Trancers, bobine sans prétention et joyeusement foutraque (pour ne pas dire tirée par les cheveux gominés du futur héros de Dollman) y gagne une subtilité insoupçonnée. Nous tenons sans doute ici l'un des plus attachants efforts d'un Charles Band réalisateur et l'un des petits trésors tombés avec l'Empire dans les oubliettes du cinéma d'entertainment. Une vraie série B, pourrions nous écrire, rappelant aux fins observateurs à quel point le cinéma d'exploitation américain des années 80 et celui des décennies précédentes partagent un seul et unique ADN, constituent un seul et unique courant échappant finalement à toute appellation ou étiquette. Les aventures du charmant tandem Tim Thomserson/Ellen Hunt se laisse en tout cas savourer comme un délicieux bonbon cinématographique.



Un œil sur le disque :

En France, la seule et unique édition du film nous fut présentée par un éditeur difficilement identifiable (Monarch ? Red Light ?) dans un DVD au format curieux puisque qu'il s'agissait d'un open Matte, légèrement rogné sur les côté et comble du bonheur, légèrement déformé. Il y a fort peu de chance, vu l'état actuel du marché de la vidéo dans notre beau pays, que nous voyons arriver une édition Bluray de "Trancers" de si tôt. Cette édition HD britannique, region free est donc une excellente nouvelle pour les adorateurs frenchy du Dieu Band. Le master 1080p au ratio image 1.78 utilisé par 88 films est à priori le même qui fut commercialisé par Full Moon aux États Unis. La propreté de la copie n'est pas parfaite (permettez moi d'y voir en qualité d'amateur de vieilles choses, la qualité de l'authentique) mais le gain de définition laisse sur les fesses. Le tout est accompagné du mixage stéréo d'origine et d'un mixage 5.1 un peu gadget en langue anglaise seulement. Le disque ne propose aucune option francophone ou sous titrage.

 Comparaison Bluray (88Films) & DVD (Monarch)

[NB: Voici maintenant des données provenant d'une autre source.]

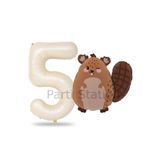 Parti Station Woodland Sincap Krem Rakam 5 Yaş Balon Set PSSİNCAPBLNST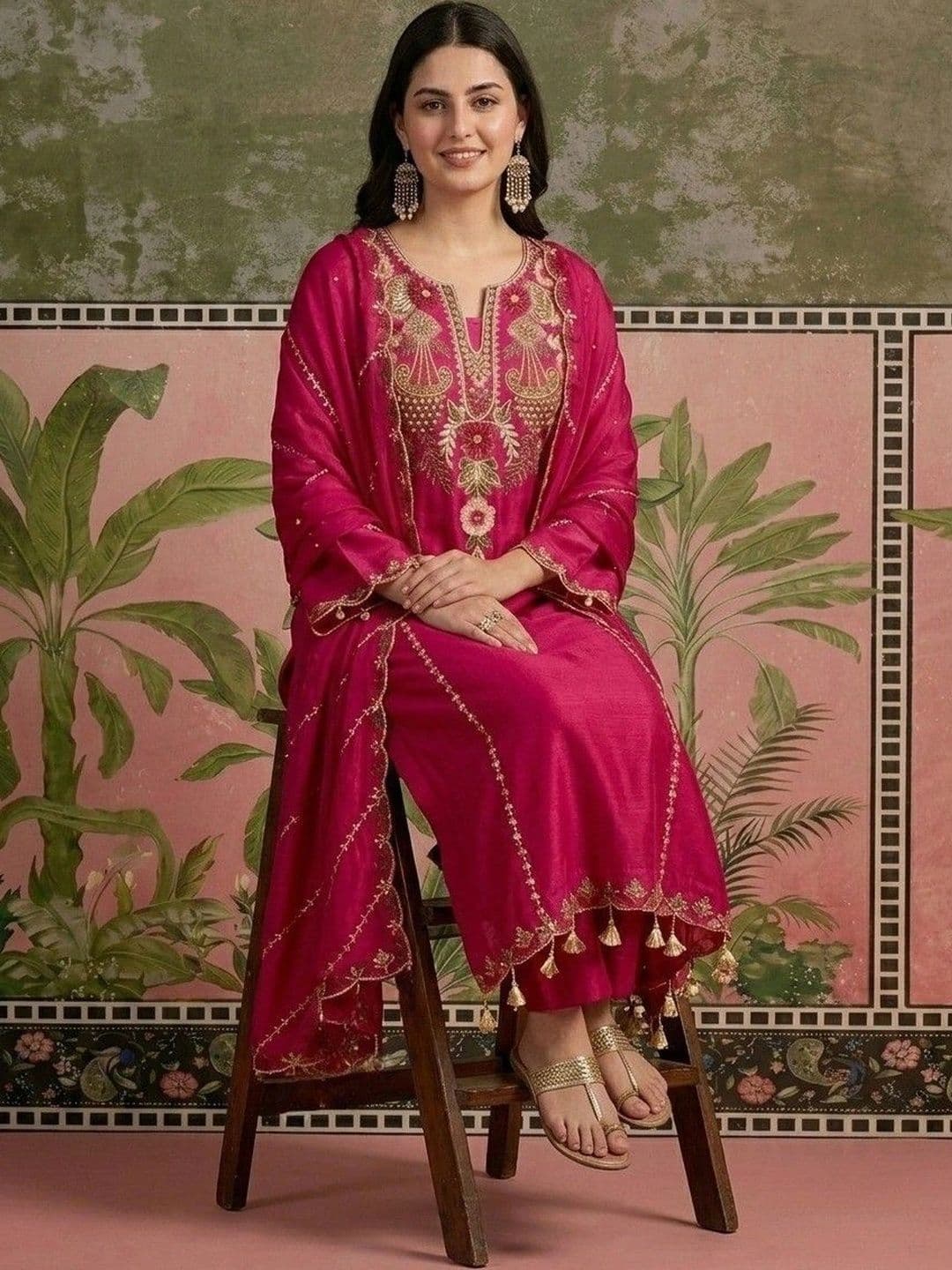 all about you Women Ethnic Motifs Embroidered Regular Thread Work Chanderi Silk Kurta with Trousers & With - view 1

Le bluray anglais (88 FILMS)

Le DVD Français (Monarch)

Dans le coffre à bonus, le disque embarque un commentaire audio (Charles Band, Thim Thomserson), un série d'interview rares, un making of, une galerie d'affiches et de photos, des bandes annonces, mais surtout la "suite segment" "Trancers:  city of lost angels" réalisée pour "Pulse Pounders". Cerise sur le gâteau, nous avons également droit à 1 petite minute du segment "The Dungeonmaster".